On the Interplay of Monopoles and Chiral Symmetry Breaking in Non-Compact Lattice QED

TL;DR

This study uses lattice QED simulations to explore how monopoles influence chiral symmetry breaking across various fermion flavors, revealing different transition types and supporting the idea that monopoles drive the chiral transition.

Contribution

It provides the first detailed lattice analysis linking monopole behavior with chiral symmetry breaking over a wide range of fermion flavors in non-compact QED.

Findings

Chiral symmetry breaking correlates with monopole percolation.

Second order transitions for Nf between 8 and 16.
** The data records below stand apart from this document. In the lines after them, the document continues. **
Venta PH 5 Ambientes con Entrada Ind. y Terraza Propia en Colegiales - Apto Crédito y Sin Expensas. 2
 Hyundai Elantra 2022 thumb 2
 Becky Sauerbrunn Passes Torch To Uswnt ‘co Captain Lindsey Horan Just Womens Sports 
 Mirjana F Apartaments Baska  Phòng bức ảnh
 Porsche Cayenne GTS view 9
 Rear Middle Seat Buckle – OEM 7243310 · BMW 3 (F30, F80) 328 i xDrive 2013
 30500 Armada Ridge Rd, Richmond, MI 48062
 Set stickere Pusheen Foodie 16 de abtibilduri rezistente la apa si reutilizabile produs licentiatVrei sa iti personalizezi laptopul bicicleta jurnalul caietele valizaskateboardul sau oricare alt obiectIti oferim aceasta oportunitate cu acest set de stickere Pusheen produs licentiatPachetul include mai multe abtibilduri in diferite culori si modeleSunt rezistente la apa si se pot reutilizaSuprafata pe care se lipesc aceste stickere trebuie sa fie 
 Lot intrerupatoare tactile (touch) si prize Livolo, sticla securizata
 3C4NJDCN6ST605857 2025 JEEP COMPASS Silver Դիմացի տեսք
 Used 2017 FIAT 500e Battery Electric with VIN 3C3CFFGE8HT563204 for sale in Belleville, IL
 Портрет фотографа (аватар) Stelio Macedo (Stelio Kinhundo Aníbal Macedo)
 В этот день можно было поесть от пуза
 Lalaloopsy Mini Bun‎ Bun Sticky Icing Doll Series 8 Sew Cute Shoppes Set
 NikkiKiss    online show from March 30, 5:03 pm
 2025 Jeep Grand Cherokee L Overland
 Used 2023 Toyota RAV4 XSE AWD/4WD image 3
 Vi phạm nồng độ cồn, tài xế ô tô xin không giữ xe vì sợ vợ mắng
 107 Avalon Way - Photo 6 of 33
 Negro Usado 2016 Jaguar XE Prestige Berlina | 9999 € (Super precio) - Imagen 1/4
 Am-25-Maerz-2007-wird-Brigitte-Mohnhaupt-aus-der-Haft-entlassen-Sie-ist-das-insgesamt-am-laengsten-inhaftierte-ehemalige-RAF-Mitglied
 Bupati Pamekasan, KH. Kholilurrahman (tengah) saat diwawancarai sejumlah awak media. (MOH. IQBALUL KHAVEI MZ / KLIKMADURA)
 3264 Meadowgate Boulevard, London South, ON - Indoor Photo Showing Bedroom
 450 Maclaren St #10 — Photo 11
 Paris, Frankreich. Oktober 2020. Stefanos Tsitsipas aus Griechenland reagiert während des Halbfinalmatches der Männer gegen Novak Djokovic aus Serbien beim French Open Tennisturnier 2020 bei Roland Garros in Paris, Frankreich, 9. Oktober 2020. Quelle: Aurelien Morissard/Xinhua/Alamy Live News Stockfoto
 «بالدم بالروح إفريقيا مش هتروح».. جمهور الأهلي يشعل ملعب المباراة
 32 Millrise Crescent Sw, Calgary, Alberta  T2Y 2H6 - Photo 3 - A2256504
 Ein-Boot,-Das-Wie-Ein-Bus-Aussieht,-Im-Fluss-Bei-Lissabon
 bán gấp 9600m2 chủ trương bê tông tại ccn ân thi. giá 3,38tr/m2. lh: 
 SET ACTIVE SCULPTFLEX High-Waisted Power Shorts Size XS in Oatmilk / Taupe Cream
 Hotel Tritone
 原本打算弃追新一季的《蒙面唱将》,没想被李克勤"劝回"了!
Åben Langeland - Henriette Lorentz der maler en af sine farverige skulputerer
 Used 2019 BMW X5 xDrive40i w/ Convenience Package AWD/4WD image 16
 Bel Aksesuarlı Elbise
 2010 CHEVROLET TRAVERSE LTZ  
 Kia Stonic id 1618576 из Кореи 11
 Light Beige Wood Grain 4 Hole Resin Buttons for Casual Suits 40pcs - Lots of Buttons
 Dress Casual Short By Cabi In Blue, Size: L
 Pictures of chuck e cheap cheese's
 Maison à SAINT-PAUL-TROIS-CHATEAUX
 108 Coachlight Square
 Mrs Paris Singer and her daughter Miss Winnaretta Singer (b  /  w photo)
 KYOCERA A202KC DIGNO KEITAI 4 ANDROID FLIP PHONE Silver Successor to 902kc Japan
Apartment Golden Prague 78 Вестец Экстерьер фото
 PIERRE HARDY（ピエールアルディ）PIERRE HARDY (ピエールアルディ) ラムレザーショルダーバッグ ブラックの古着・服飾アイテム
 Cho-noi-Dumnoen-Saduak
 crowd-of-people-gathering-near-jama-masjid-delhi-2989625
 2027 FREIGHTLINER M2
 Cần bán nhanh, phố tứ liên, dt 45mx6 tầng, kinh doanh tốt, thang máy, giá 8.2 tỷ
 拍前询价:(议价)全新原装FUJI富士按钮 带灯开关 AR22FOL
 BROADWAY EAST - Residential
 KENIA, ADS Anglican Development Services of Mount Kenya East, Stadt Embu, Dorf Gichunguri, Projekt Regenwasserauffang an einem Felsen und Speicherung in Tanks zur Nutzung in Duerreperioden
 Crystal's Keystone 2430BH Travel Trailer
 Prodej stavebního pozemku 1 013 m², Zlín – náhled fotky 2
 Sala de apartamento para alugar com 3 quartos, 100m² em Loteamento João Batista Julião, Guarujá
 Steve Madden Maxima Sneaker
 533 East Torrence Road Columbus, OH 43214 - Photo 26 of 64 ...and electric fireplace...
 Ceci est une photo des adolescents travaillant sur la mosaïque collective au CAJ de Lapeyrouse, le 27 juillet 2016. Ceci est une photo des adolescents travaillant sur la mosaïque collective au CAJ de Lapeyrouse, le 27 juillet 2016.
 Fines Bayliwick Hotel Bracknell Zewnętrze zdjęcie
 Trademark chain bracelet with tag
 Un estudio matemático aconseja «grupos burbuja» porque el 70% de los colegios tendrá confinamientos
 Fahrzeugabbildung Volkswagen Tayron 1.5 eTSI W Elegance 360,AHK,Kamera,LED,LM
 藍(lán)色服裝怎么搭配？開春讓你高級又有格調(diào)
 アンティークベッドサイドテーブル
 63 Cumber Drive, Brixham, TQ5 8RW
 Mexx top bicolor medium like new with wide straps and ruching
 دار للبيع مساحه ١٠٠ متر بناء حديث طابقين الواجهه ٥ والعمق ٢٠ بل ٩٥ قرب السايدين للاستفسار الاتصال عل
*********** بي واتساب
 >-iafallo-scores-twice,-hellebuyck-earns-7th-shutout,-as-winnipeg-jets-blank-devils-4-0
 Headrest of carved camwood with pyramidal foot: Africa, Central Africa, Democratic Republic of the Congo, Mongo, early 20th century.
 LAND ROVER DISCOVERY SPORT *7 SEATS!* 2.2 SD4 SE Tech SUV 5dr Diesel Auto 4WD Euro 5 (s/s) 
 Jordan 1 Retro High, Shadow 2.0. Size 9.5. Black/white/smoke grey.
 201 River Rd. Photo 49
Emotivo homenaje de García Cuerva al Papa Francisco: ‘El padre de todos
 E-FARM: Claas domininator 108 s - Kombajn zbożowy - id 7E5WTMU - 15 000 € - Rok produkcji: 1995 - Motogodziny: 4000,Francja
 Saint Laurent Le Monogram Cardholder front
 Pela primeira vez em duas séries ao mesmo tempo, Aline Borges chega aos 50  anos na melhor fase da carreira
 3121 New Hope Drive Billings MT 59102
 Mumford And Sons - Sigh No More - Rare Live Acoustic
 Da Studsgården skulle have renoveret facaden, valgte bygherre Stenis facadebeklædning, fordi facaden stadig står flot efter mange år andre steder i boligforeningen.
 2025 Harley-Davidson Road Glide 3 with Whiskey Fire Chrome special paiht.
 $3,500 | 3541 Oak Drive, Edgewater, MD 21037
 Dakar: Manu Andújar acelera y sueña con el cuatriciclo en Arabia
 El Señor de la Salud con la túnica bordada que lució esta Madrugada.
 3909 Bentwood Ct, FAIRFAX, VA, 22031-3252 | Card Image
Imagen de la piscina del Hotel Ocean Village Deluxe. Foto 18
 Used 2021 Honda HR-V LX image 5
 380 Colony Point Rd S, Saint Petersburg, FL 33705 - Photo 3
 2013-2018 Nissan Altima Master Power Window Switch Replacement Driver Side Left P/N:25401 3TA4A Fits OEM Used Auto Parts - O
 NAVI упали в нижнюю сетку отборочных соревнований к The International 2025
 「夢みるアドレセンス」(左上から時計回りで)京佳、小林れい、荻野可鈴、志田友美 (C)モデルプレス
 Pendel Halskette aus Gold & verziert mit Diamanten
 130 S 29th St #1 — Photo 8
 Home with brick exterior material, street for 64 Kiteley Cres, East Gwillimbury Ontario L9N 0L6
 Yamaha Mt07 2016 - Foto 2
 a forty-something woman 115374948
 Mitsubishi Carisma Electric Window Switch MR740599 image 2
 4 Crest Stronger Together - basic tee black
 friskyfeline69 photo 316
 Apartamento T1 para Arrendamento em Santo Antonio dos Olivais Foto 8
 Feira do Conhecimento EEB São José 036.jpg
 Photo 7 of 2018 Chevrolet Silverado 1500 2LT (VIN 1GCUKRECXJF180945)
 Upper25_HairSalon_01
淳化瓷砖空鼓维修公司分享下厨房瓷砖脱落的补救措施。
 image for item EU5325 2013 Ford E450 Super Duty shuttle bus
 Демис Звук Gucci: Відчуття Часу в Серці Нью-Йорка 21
First order transitions for Nf between 20 and 32.

Abstract

Non-compact lattice QED is simulated for various numbers of fermion species $N_f$ ranging from 8 through 40 by the exact Hybrid Monte Carlo algorithm. Over this range of $N_f$, chiral symmetry breaking is found to be strongly correlated with the effective monopoles in the theory. For $N_f$ between 8 and 16 the chiral symmetry breaking and monopole percolation transitions are second order and coincident. Assuming powerlaw critical behavior, the correlation length exponent for the chiral transition is identical to that of monopole percolation. This result supports the conjecture that monopole percolation ``drives" the nontrivial chiral transition. For $N_f$ between 20 and 32, the monopoles experience a first order condensation transition coincident with a first order chiral transition. For $N_f$ as large as 40 both transitions are strongly suppressed. The data at large $N_f (N_f \mathrel {\mathpalette \vereq >} 20)$ is interpreted in terms of a strongly interacting monopole gas-liquid transition.